Today my little boy turned 8 weeks old so I thought it would be nice to reflect on the last two months and chat about the ups and downs I’ve had so far as a mumma. It’s been an amazing, terrifying and exhausting journey already but I would honestly not have it any other way. I didn’t realise how true it was that as soon as you have your own little human to care for your heart literally feels fit to burst. Who knew it was possible to feel THIS in love with anything – especially when this ‘anything’ is a tiny little crying, pooping and wriggling machine!
Archie was born on the 23rd of September and from the off I’ve been so lucky. My labour and birth all went so smoothly – lasting about 16 hours in total – and we got to bring our little bundle of cuteness home after just two nights in the hospital.

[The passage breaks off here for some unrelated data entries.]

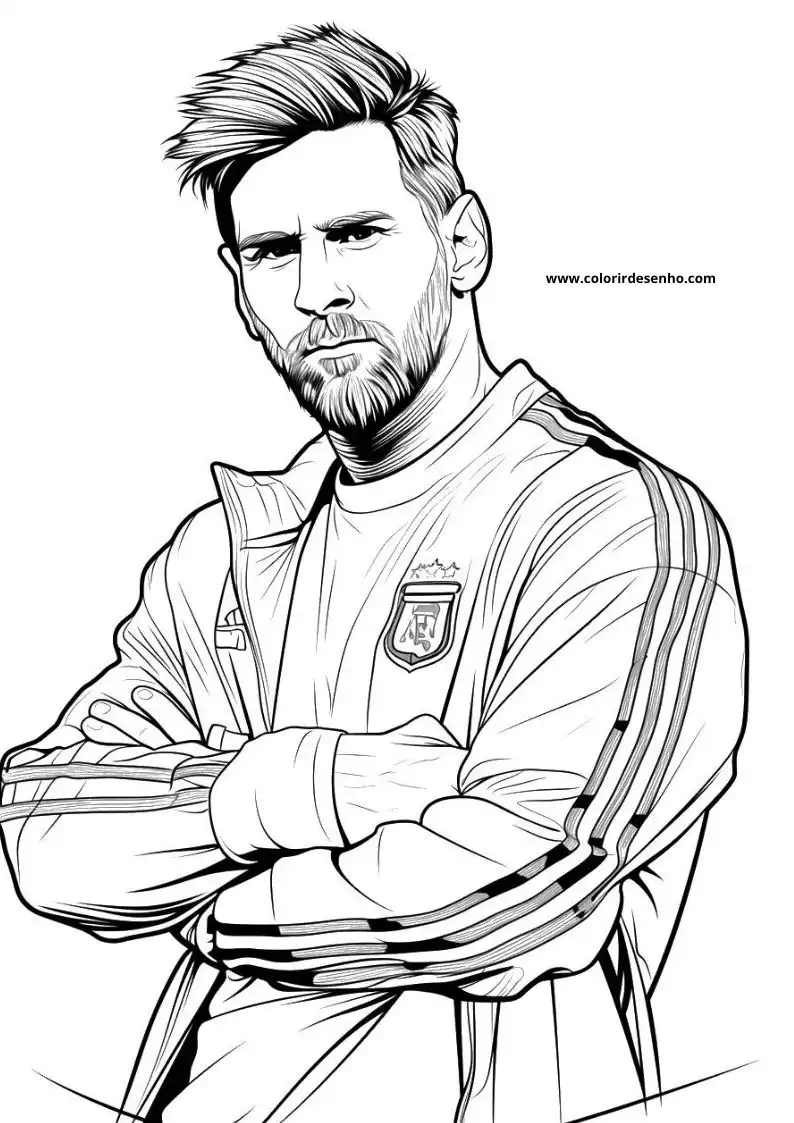 Messi Coloring Pages 8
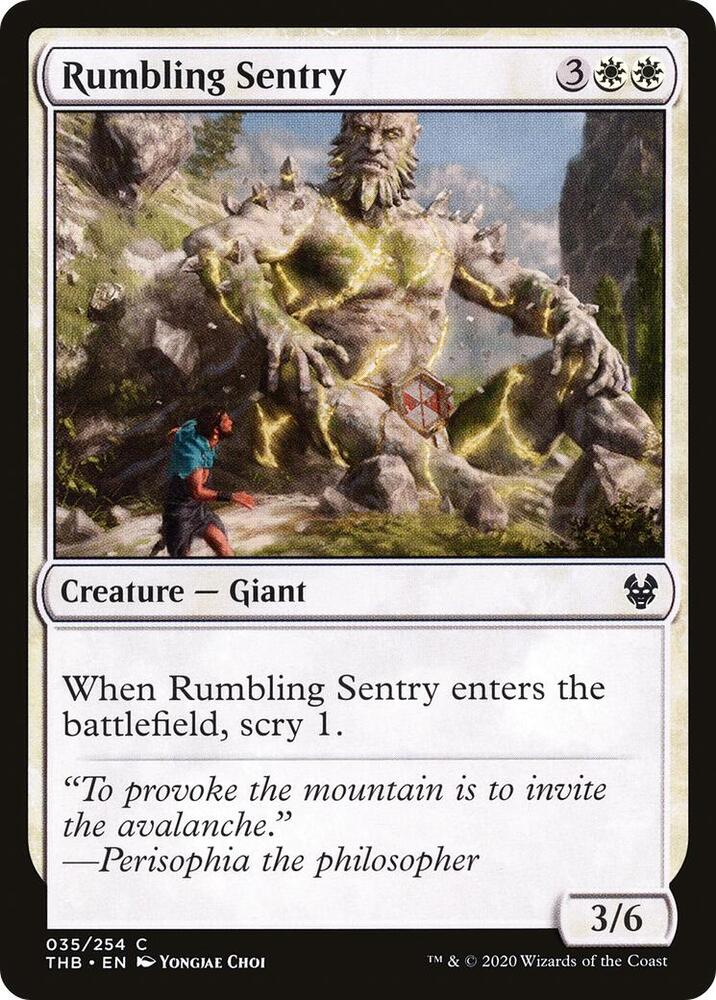 Rumbling Sentry 35 card from Theros Beyond Death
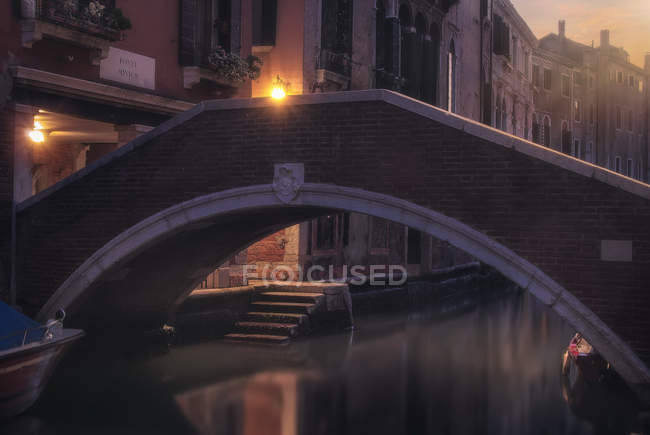 Vista panorâmica dos caminhos venezianos 114, Veneza, Veneto, Itália — Fotografia de Stock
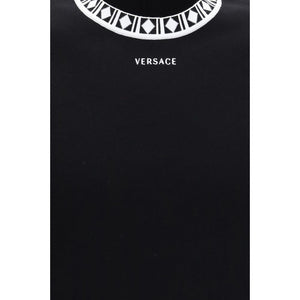 Versace Schwarzes Baumwoll-T-Shirt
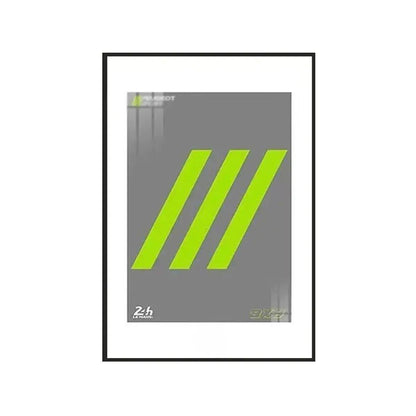 Wall - Mounted Display Frame Compatible with LEGO® Peugeot 42156 - brickzonehub
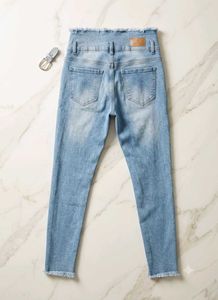 Light Wash High Waist Skinny Jeans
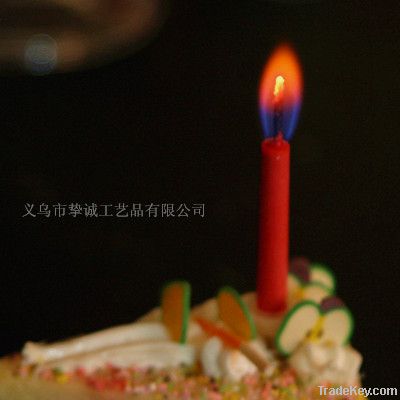 color flame birthday candles for party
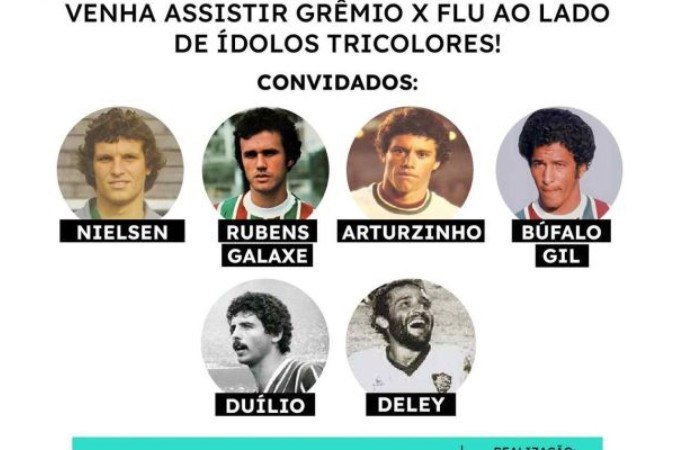 Ídolos do Fluminense estarão na Cobal para encontro com torcedores - (crédito: Foto: Divulgação / Museu da Pelada) Ídolos do Fluminense estarão na Cobal para encontro com torcedores - (crédito: Foto: Divulgação / Museu da Pelada)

I found the first three/four weeks quite (okay, very) tough as I was determined to breastfeed. I felt like ALL I did was feed Archie, sit on the sofa and watch crappy daytime TV. In the big scheme of things I was quite lucky in the sense that I didn’t have much pain whilst feeding him and there was no cracking or bleeding whatsoever, but I was so unhappy and Archie was NEVER satisfied after a feed – latching on every 20/30 mins for only 5 minutes or so at a time. It was exhausting!
I didn’t leave the house apart from for a trip to the doctors and to visit mine and my boyfriend’s family homes in that whole first month and it made me feel so trapped. I don’t drive and don’t live in the town where all my friends live/work, which 100% made it worse and made me feel so much more secluded and just ‘down’ in general. I also didn’t feel comfortable with the prospect of breastfeeding in public at all (totally irrational I know, but everyone is different and I just couldn’t have done it – especially as I didn’t feel it was going well for me) so if I was ever invited out at all I would turn it down, meaning I was even more miserable sitting on my own at home.

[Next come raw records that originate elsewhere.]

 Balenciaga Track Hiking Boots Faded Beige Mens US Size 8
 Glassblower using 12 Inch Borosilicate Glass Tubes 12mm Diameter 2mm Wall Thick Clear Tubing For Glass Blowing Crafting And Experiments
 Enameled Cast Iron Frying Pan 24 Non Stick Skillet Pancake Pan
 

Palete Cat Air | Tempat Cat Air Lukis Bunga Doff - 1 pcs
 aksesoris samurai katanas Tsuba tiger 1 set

I made the decision to switch Archie to formula almost exactly a month ago now, and I feel SO much better about so many things. Since doing this, I have been out a whole lot more (without my boyfriend there too, which I was terrified about at first) and just feel so much happier in general. I’ve even booked a driving lesson! Different things work for different people, and I just found that having my little boy on formula is what is going to work for us.
Whilst I am so unbelievably happy to have my little one with me and would never ever want to not be a mummy now, my life has seriously changed beyond what I had – very naively -expected it to whilst I was pregnant.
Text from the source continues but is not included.